Book: The Great Inflation and Its Aftermath: The Past and Future of American Affluence by Robert Samuelson

Inflation might not sound so bad during discussions of our sick economy. But you don't want to live through it. We did. It is very discouraging to see prices fly up while your income creeps up. We bought our current home with seller financing at 12%! A bank loan would have been higher. The prime rate for commercial transactions reached 20%. You can say we brought it on ourselves because we elected the President who called himself Jimmy - Honorable Jimmy Carter. No! I voted against the sorry man.
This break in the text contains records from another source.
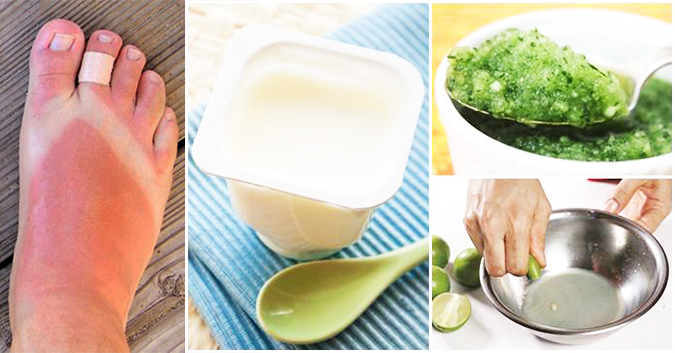 Bôi hỗn hợp đơn giản này lên, da sạm đen, cháy nắng bỗng trắng hồng trở lại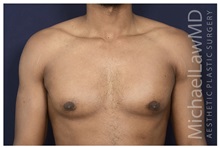 Male Breast Reduction After Photo by Michael Law, MD; Raleigh, NC - Case 33042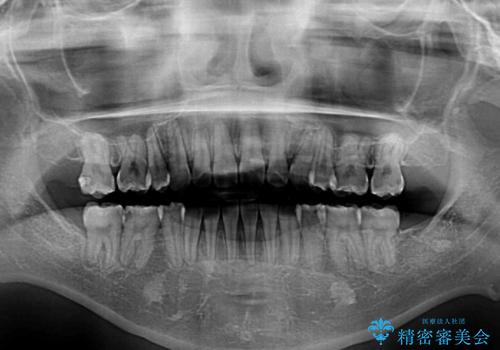 上下の八重歯とクロスバイト　ワイヤー装置での抜歯矯正の治療後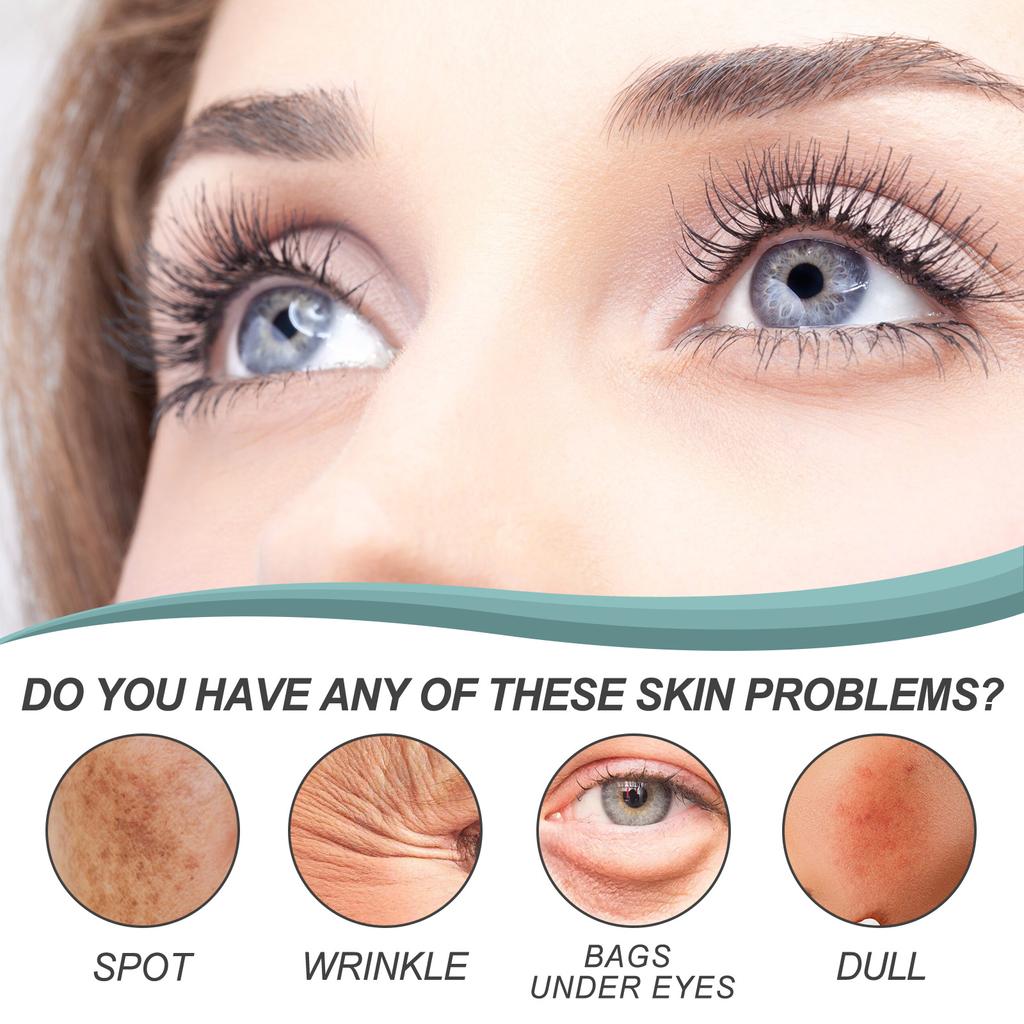 EELHOE Whitening Freckle Cream Nicotinamide Dark Spot Remover Moisturizing Skin Care Brightening Anti-Aging Face Beauty Care 50g
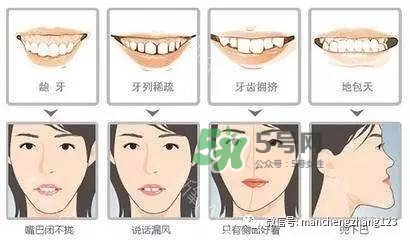 乳牙齲齒要不要補(bǔ)？乳牙齲齒怎么辦？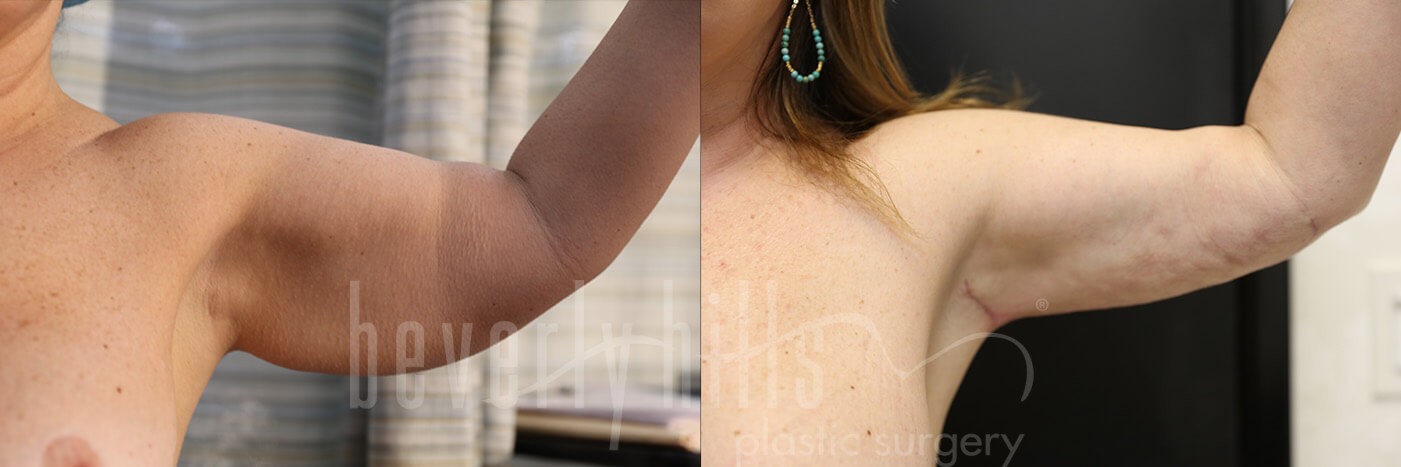 Arm Lift Patient 06 Before & After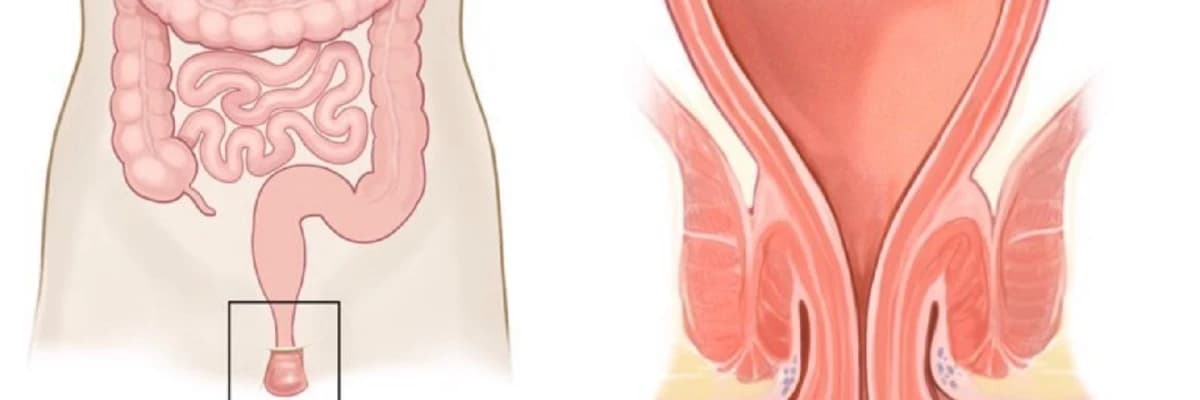 Rektal prolapsus (Makat sarkması)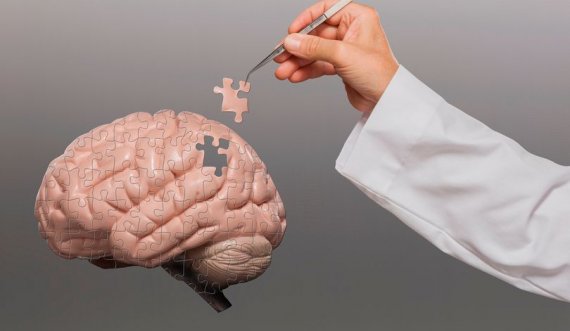 Shkencëtarët zbulojnë mënyrën e diagnostikimit të hershëm të Alzheimer-it dhe Parkinson-it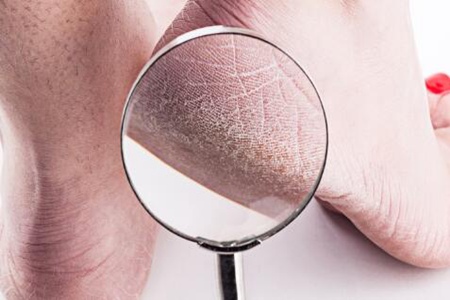 脚后跟干裂起硬皮裂口子怎么办?这五个方法能改善脚后跟开裂症状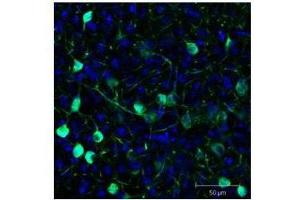 Immunofluorescence Microscopy of GFP-GOAT-Antibody. (GFP 抗体)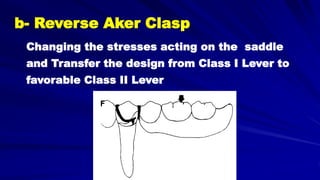b- Reverse Aker Clasp
F
Changing the stresses acting on the saddle
and Transfer the design from Class I Lever to
favorable Class II Lever
 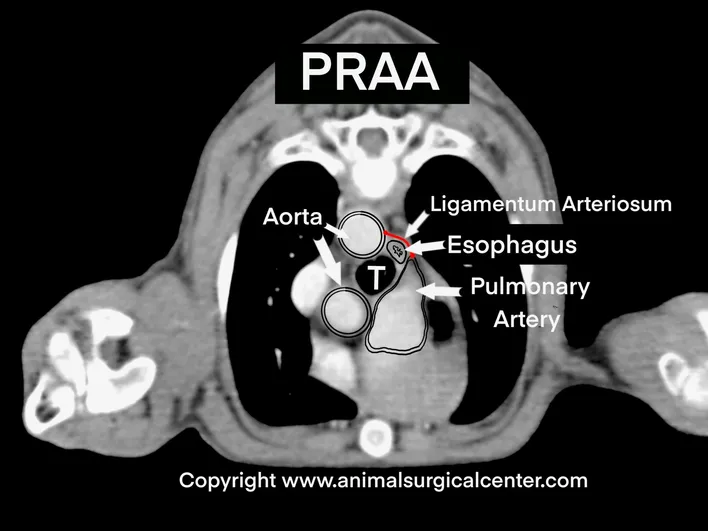 <p>A process where the left $$4\text{th}$$ arch develops into the adult aortic arch and the ductus arteriosus originates from the left side of the main pulmonary artery (MPA) trunk.</p>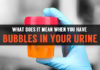 Bubbles in Urine: Symptoms & Causes bubbles in your urine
Robert Samuelson is one of the best economic journalist/columnists he is thorough and nonpartisan and readable. He does an excellent job of simplifying what seems complex. I recommend his book: The Great Inflation and Its Aftermath: The Past and Future of American Affluence Amazon.com This is the mini-review from Publisher's Weekly: Newsweek and Washington Post columnist Samuelson is one of the rare journalists who debates politics and economics with a healthy skepticism toward conventional wisdom. The severity of the inflation that plagued the U.S. economy throughout the 1970s and early 1980s is often overlooked, but at the time it threatened to destabilize our entire monetary system. After World War II it was believed that downturns could be avoided by simply maintaining high employment, but that model ultimately led to the “stagflation” of the late 1970s and contributed to Jimmy Carter’s loss to Ronald Reagan in 1980. Through an unspoken alliance between Reagan and Fed chairman (and Democrat) Paul Volker, a deliberately engineered and very painful recession finally ended the inflationary spiral. Samuelson compares the challenges of that era to those we face now, and he is concerned that few leaders today have the fortitude to make the unpopular choices that will bring long-term solutions to the current economic crisis. Politicians would do well to study these errors of the past that teach that choosing quick fixes only delays and worsens the inevitable.